Lack of fluency costs Limerick as Galway end 14-game unbeaten run

Six points marked Limerick's biggest defeat since falling to the same county in the 2017 League semi-final
Lack of fluency costs Limerick as Galway end 14-game unbeaten run

Galway’s Darren Morrissey chases Adrian Breen of Limerick. Picture: INPHO/Ryan Byrne

Galway 0-26 Limerick 1-17 

Limerick’s aura has been ever so slightly dimmed.

At Salthill, a couple of key stats that had been rightly and regularly used to hold up this Limerick team as the game’s current standard-bearers went tumbling.

Chief among them was the county’s 14-game unbeaten run, with Limerick not having lost a competitive fixture since the All-Ireland semi-final loss to Kilkenny on July 27, 2019.

But not alone did Sunday represent Limerick’s first defeat in 659 days, it was also their first league reverse since February of 2019 and the county’s biggest league defeat since the 10-point semi-final drubbing at the hands of Galway in April of 2017.

Limerick were not at full strength here, but they did finish with 10 of the team that started last year’s All-Ireland final so neither can it be said John Kiely went into battle with an experimental side.

Where there was unfamiliarity with Limerick was the total absence of fluency to their hurling.

The reigning League and All-Ireland champions were unable to build phases of play in the middle third, unable to find the target as often as they would have liked with their trademark belters from distance.

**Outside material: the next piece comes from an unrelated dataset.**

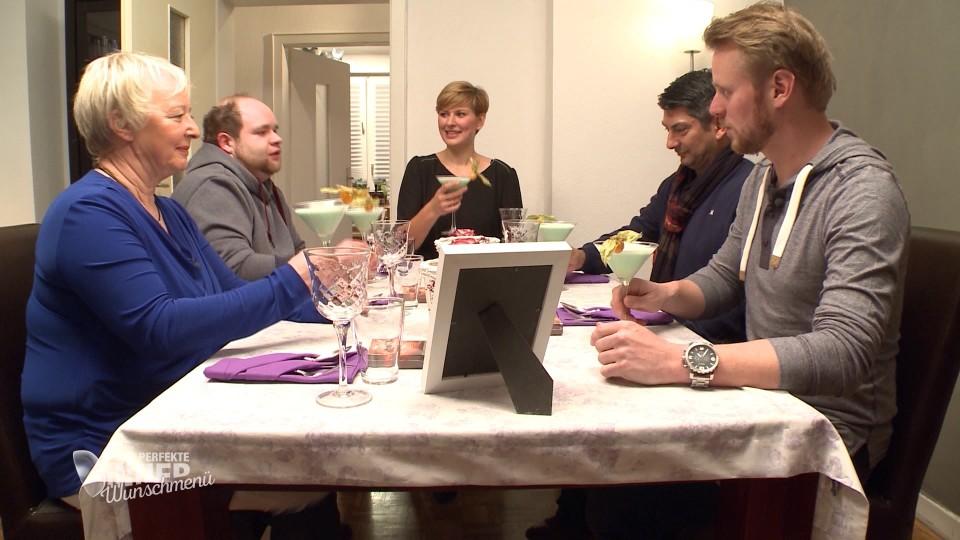 Das perfekte Dinner: Dominiks Käse-Abneigung könnte für Marta zum Problem werden Wunschmenü Ruhrgebiet Marta Highlight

Contributory factors to the above include a rare off-colour display from Cian Lynch, Limerick’s inability to stamp their authority in the middle of the field, and Galway’s overall dominance in defence.

The latter was best summed up by the swarming of David Reidy by the Mannion brothers and David Burke midway through the opening half, referee James Owens eventually penalising an isolated Reidy for overcarrying. Just four first-half scores from play was so untypical of Limerick.

Unlike their approach in last year’s All-Ireland semi-final, Galway opted against a sweeper on this occasion. Limerick, having no extra body at the other end of the field, found it more cumbersome work to weave a path — and possession — out of defence. This absolutely impacted on the quality of ball being fed to green shirts further forward.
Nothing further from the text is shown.